A key sticking point for the conservation groups is a plan provision that would allow the state or deputized private citizens — likely ranchers affected by livestock attacks — to kill culprit wolves after two documented attacks on livestock herds by the same wolf pack, said Nick Cady, legal director for Cascadia Wildlands.

The groups are particularly unnerved by a provision that would allow the deputized citizens to keep wolf pelts, said Cady, who called the idea a "trophy hunt."

"With a population of wolves that's 120 animals statewide, that's a ridiculous, ridiculous proposal," he said in an interview.

The groups also feel the state agency's plan favors hunters, who contend more wolves mean fewer deer for them to hunt.

Ranchers reacted to the news with surprise and disappointment.

Rodger Huffman, a small-scale rancher in rural northeastern Oregon, said wolf numbers have risen so dramatically in recent years that it's no longer useful to focus on conservation. The population now needs to be managed to minimize damage to livestock, he said.

"There's a huge cost, there's a toll there," said Huffman, who's negotiating for the Oregon Cattlemen's Association.

"I don't think anybody can expect to get everything you want, and so to pick up your marbles and say, 'I'm going home because I'm not getting my way' is a little bit unprofessional," he said.

Conflict between ranchers and wolves has grown sharply in recent years as the species makes a comeback after being wiped out by a bounty-hunting program more than 70 years ago.

Wolves were reintroduced to central Idaho in the mid-1990s and in 1999, a lone wolf wandered into northeastern Oregon. It was trapped and returned to Idaho.

Two more were found dead in Oregon in 2000. But the first definitive proof wolves had returned to the Oregon came in 2007, when a wolf was found shot to death.
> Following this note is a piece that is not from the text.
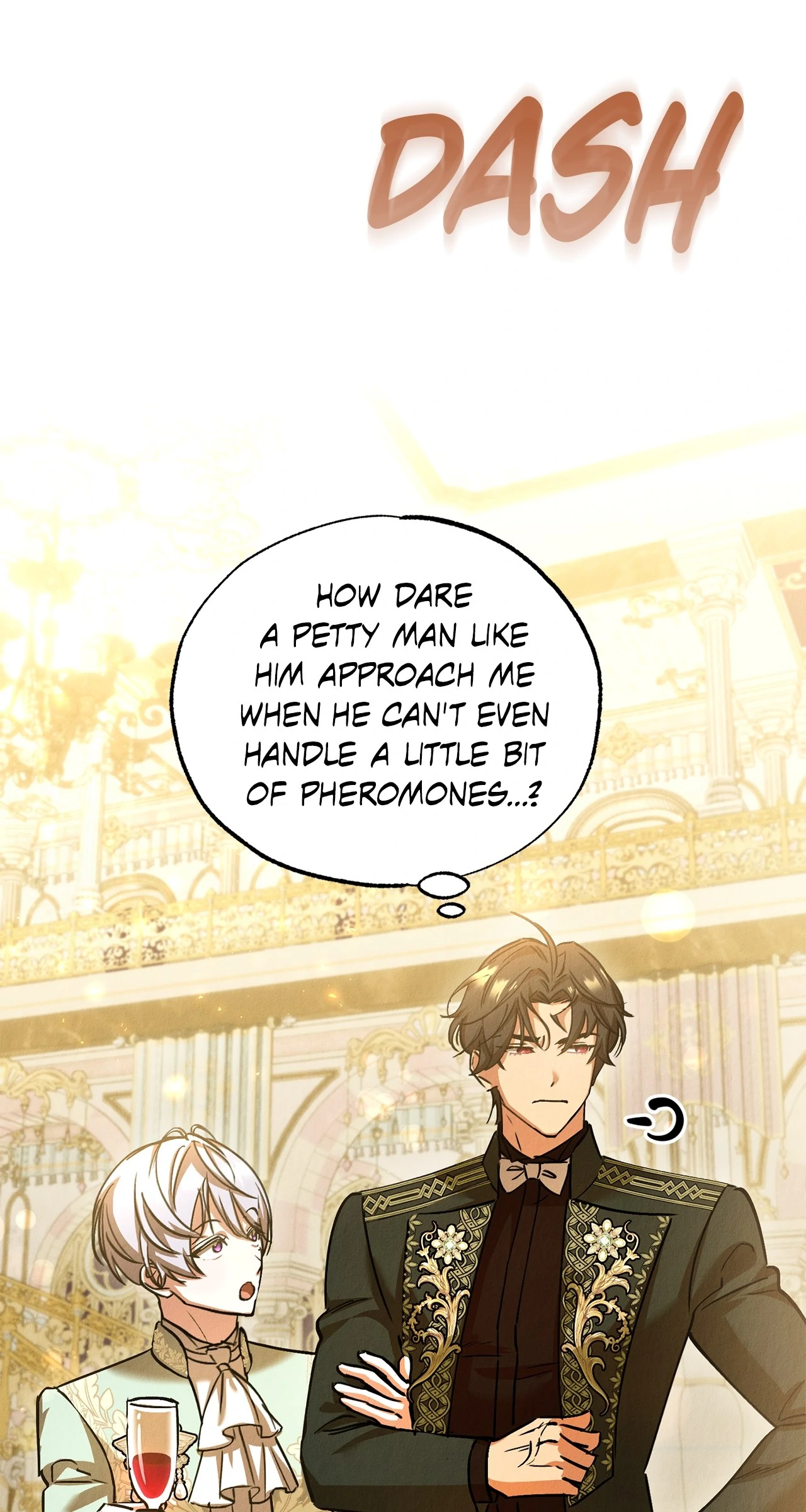 A Second Chance For The Outcast Prince - Chapter 31 Page 30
The following year, a wolf nicknamed Sophie by conservationists gave birth to the first litter of pups born in Oregon in decades.

Most Oregon wolves live in remote northeastern areas where cattle, llamas, sheep and goats graze on private land and in federally managed forests and grassland. Ranchers often use range riders, flashing lights, remote cameras and fluttering devices on miles of fence line to keep wolves at bay — sometimes with little success.

Several packs have also established themselves in the forests of rural southwestern Oregon, near the California border, where they have attacked livestock.

The species lost its endangered status under Oregon law in 2015 — when the state's population hit 81 wolves — and is no longer federally protected in the eastern third of the state.

As of April 2018, there were at least 124 wolves in Oregon. There were 12 known wolf packs and nine more groups of two or three wolves that are not considered packs were noted.

In 2017, two wolves were captured by remote camera in Mt. Hood National Forest, a popular recreational destination for hiking and skiing about an hour east of Portland.

It was the first time multiple wolves were documented in Oregon's northern Cascade Mountain range since they returned to the state.